Bab 7

4 0 0
                                    

Siang ini Erika harus makan sendiri di kampus. Kania mendadak punya janji dengan teman satu fakultasnya dulu yang katanya penting dan tidak bisa ditinggal. Erika tidak tahu menahu hal apa yang tengah diurus oleh sahabatnya itu. Tapi bukan Kania namanya kalau tidak punya banyak urusan.

Sahabatnya itu dan suaminya entah kenapa selalu punya banyak sekali agenda yang harus mereka lakukan. Kania sendiri tidak jarang sulit ditemui di kampus setiap kali ia selesai mengajar karena mengurus hal lain. Terakhir kali ia dengar, Kania sedang ingin mencomblangkan saudaranya Juna dengan seseorang.

Kata Kania, suaminya secara tidak formal bekerja sebagai asisten sepupunya. Apa yang sepupunya itu butuhkan, ia selalu meminta bantuan pada Juna. Alasannya, tidak ada orang lain yang sepupunya itu percaya dengan baik selain dari Juna.

Erika mendesah pelan. Ia baru sadar, saking dekatnya dengan Kania, ia bahkan sudah bisa mengerti hubungan suami sahabatnya itu dengan keluarganya. Sesuatu yang tidak penting untuk ia ketahui.

Erika membuka kotak makanan yang ia pesan dari mas Jajat, petugas kebersihan gedung, yang menawarinya untuk membeli makan siang tadi. Menu hari ini nasi dengan rolade daging saus padang dan capcay udang. Ia memutuskan untuk makan siang di mejanya, bersama beberapa dosen lain.

"Bu Eri, hari ini makan di kantor?" tanya seorang dosen wanita yang usianya cukup tua, dengan ramah pada Erika.

Namanya Bu Winda, dosen jurusan yang ahli di bidang sejarah dan filsafat. Beliau juga merupakan dosen Erika ketika masih mengenyam pendidikan S1 di jurusan ini beberapa tahun lalu, yang juga merupakan ibunda dari almarhumah teman satu angkatannya, Sintia.
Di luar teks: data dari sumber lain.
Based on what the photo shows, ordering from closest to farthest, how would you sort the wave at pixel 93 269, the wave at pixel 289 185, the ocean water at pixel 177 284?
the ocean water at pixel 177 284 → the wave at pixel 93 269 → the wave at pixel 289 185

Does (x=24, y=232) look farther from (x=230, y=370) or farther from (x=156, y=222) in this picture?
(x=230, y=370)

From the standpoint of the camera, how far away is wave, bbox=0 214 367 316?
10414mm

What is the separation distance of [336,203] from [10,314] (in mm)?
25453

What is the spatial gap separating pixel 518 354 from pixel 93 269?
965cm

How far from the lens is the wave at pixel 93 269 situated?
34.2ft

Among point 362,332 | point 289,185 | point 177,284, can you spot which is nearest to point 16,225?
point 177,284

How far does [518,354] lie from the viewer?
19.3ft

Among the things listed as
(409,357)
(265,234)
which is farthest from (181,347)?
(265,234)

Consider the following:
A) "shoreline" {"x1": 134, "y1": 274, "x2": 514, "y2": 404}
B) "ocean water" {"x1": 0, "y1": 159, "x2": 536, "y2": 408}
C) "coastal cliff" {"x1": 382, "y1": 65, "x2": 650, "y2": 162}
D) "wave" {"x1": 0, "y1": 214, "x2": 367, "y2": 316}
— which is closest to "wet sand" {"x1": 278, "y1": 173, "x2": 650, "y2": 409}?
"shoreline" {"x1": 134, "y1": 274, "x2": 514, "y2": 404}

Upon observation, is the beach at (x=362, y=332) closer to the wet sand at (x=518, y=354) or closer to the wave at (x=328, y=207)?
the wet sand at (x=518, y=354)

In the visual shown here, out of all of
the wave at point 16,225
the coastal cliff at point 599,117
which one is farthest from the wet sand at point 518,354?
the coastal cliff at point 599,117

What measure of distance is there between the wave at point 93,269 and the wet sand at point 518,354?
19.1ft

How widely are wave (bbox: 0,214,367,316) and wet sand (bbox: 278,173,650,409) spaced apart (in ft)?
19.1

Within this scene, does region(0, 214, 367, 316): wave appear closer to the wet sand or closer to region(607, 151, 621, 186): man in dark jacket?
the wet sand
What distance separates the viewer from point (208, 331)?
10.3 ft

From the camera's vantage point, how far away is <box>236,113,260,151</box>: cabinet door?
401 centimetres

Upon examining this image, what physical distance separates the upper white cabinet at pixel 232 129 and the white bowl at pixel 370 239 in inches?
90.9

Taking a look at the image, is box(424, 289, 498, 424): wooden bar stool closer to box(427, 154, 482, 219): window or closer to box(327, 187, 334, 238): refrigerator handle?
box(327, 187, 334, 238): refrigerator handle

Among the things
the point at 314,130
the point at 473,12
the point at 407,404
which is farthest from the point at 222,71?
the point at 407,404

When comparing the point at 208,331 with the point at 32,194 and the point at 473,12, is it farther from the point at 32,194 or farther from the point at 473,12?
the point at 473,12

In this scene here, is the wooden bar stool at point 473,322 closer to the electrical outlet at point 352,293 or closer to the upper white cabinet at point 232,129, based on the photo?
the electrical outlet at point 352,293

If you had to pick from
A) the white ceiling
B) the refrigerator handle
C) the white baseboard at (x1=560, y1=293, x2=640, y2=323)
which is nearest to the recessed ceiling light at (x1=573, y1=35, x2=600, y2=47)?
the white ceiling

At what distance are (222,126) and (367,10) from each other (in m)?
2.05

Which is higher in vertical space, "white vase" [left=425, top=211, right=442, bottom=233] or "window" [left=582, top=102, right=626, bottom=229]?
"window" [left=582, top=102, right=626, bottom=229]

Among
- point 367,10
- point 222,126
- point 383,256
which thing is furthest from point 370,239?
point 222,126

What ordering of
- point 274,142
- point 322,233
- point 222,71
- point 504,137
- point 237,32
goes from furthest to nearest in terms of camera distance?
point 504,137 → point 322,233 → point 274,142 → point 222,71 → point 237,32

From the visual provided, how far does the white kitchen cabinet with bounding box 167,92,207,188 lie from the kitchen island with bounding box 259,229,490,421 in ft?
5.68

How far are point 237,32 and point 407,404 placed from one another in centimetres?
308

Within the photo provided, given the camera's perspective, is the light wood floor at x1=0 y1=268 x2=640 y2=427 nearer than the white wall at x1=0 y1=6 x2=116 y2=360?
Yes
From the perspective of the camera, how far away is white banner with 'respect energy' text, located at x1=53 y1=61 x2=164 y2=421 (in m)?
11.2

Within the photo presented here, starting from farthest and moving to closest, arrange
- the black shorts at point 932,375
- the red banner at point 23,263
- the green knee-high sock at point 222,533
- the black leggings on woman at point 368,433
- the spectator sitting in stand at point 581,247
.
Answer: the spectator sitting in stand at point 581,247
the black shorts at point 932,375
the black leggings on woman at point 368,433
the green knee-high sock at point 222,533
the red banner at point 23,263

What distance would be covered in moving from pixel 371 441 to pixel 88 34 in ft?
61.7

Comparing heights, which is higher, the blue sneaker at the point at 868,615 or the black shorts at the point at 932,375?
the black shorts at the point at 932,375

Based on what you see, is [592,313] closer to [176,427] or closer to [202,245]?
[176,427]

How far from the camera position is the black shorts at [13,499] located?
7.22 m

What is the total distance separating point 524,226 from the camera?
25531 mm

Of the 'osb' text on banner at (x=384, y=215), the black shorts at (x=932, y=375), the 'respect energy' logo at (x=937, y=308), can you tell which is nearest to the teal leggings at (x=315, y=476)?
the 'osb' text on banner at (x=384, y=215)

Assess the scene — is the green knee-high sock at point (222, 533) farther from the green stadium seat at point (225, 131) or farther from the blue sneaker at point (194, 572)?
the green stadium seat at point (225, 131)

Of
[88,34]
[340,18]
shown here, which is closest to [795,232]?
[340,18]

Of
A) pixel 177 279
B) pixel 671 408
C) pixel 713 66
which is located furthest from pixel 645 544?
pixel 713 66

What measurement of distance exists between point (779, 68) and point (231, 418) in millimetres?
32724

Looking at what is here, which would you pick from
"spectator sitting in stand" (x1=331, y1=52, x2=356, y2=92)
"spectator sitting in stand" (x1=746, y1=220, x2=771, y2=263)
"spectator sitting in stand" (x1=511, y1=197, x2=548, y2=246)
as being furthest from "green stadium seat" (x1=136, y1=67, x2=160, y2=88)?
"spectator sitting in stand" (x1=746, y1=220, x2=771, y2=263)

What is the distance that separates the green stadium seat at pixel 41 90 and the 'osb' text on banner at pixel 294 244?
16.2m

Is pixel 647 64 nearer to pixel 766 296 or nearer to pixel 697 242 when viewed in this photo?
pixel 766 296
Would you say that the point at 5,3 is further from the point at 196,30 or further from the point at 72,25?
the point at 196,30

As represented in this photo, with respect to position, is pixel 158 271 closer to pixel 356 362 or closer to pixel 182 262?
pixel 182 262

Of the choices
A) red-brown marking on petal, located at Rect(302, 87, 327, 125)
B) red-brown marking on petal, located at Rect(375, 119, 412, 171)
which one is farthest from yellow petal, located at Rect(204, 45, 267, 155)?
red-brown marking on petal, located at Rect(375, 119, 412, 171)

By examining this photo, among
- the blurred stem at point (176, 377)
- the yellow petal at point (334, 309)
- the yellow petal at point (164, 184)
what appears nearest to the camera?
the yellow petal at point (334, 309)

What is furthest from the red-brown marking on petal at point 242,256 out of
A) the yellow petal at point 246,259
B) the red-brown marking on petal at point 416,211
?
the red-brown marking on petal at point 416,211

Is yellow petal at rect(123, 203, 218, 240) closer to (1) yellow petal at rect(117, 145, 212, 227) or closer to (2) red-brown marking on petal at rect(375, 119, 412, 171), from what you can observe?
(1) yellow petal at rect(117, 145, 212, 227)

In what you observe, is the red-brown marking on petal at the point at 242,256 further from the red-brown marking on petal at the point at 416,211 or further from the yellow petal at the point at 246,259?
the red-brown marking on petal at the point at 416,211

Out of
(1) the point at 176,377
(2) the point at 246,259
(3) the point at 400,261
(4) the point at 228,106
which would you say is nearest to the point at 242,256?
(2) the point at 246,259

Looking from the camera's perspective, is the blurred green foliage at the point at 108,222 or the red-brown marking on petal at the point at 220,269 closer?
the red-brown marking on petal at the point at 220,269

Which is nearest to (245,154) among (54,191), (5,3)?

Erika mengangguk sambil tersenyum. "Iya Bu, mari makan," jawabnya.

Bu Winda mengangguk, sambil lalu mengambil kotak bekal makannya, sambil kemudian membukanya dan menyodorkannya pada Erika. "Saya buat cake kemarin, silakan ambil buat cuci mulutnya nanti," tawar bu Winda.

"Makasih banyak, Bu. Ibu dari dulu tetap rajin bikin kue-kuean ya. Padahal kalau saya tiap pulang ngajar sudah nggak bisa ngapa-ngapain lagi di rumah," ucap Erika sambil mengambil satu potong kue yang ditawarkan padanya.
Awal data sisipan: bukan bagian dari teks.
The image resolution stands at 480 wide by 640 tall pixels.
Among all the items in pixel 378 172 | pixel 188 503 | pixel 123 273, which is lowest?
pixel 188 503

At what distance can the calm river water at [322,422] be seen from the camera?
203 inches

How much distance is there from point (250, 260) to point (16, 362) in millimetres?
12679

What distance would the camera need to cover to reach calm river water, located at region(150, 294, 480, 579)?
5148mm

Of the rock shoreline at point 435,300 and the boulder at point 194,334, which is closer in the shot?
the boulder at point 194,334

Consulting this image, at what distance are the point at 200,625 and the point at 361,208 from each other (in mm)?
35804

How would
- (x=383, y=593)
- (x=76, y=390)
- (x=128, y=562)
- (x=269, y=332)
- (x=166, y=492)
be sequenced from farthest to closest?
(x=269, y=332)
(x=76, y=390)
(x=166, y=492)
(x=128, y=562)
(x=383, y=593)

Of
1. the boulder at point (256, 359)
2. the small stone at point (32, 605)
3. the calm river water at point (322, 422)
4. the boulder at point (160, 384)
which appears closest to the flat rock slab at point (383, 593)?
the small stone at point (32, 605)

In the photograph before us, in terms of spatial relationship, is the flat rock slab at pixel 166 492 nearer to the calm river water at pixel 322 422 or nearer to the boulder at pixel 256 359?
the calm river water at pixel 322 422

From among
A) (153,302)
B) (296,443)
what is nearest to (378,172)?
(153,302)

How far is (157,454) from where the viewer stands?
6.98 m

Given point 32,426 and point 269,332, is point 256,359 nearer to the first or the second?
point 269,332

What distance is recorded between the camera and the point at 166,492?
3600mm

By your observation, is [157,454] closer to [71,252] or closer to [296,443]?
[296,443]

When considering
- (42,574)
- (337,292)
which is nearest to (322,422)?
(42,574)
"Ya bedalah. Kamu kan masih muda, masih banyak kegiatan yang kamu ampu di kampus. Kalau saya sih cuma ngajar pulang saja."

Erika mengangguk setuju. Karena sekalipun belum terlalu tua, setelah kematian Sintia, yang Erika tahu bu Winda memutuskan untuk mengurangi beban kerjanya di kampus. Bahkan sempat terdengar kabar bahwa ia pernah memutuskan untuk pensiun dini. Sedikit disayangkan karena bu Winda adalah seorang dosen senior yang sudah benar-benar mantap di bidangnya. Selain dari kemampuan mengajar bahasa Jermannya yang baik, ia juga dosen yang paling kapabel di bidang filsafat. Rasanya, kalau memang suatu saat beliau harus berhenti, agak sedikit susah mencari pengganti yang setara kemampuannya dengan beliau.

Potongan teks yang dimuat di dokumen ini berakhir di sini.